Eating off the Hill: Taco Tuesday at Toro Taqueria

After four years working on Parliament Hill, I'm always on the lookout for new and different lunching options, having tried most places at least a few times. So I was pleased during recent Google Maps and Yelp trolling to find a new taco option not too far outside my usual lunch walking radius: Toto Taqueria, on Slater at Bank.

Long-time Ottawa lunchers will recognize this location -- actually, the famed Germantown Deli used to be next door -- it's now a bubble tea place or something. Rising rents forced them out, but I guess tacos and bubble tea are bringing in more revenue.

Anyway, this ain't Taco Bell, so fancy tacos ain't cheap. The three I had would regularly run $13.50 in total, but as I went on Taco Tuesday when tacos were $4 each, it cost me $12. Another $4 for the guacamole and chips, and $3 for my Mexican grape Fanta. Still well more than my usual lunch budget, so this will be an only on Taco Tuesdays stop. Still, I do recognize that fresh and quality ingredients are worth a premium.

Arriving early at 11:30 AM to beat the lunch rush, I ordered:

  • Picadillo: Chopped beef and potato in taco potion, with lettuce, pico de gallo,  and salsa roja.
  • Guadalajara: Red chile rubbed tortilla, Pollo Asado, Chorizo.
  • Carnitas: Ancho, Guajilo, hibiscus rubbed pork shoulder.

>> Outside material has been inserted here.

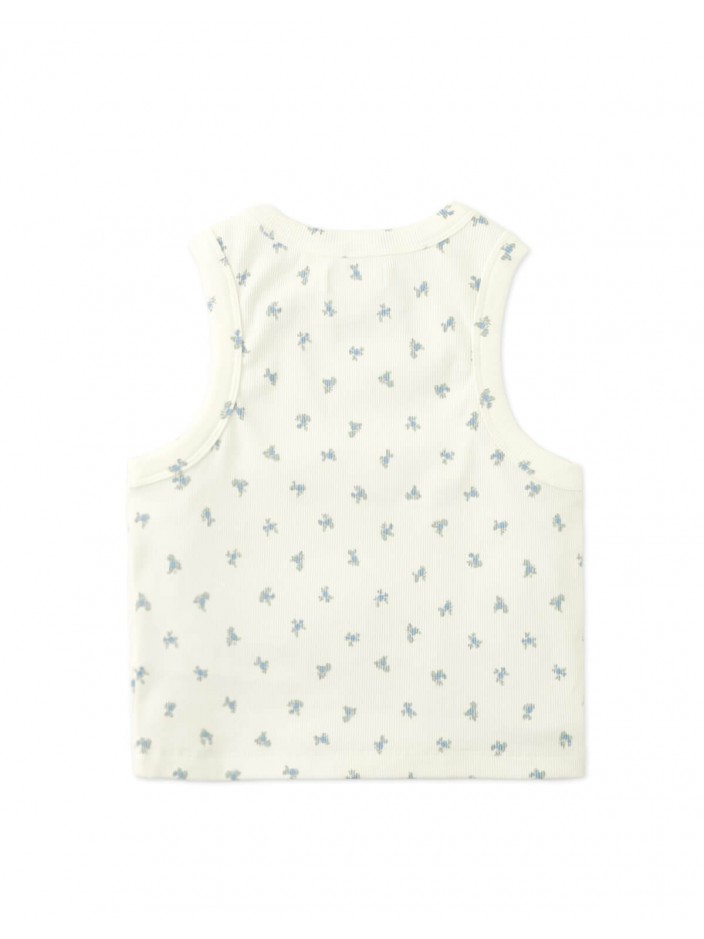 Lada Ribbed Tank Top With All-Over Floral Print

  • So, one each of a chicken, beef and pork. I went from left to right, starting with the carnitas. It was OK, good flavour, could have used a bit more veg variety and texture. It certainly wasn't dry -- in fact, it was wet. Very wet. Dripping onto your shirt wet, so be careful. The Guadalajara was similar -- little wet, nice flavour to the chicken, but also some nice texture with a good crunch. This one came with a lime for added flavour. And the Picadillo was a nice ending, with nicely seasoned beef.

    I don't go gaga for Guac but this was good, but again could have used a bit more flavour. Do you put lime in Guac? Maybe it needed more guac. The chips were crunchy and thick and certainly seemed house-made. I almost went for the Orange Fanta, but decided to change it up and go grape, which I don't ever recall having -- not since I was a kid, anyway. It was good -- very much like a grape Popsicle. Needed more fizz though.

    All in all, a pretty good, if pricy, Mexican taco experience. Would like to see stronger flavours achieved though without resorting to hot sauce. Happy Taco Tuesday!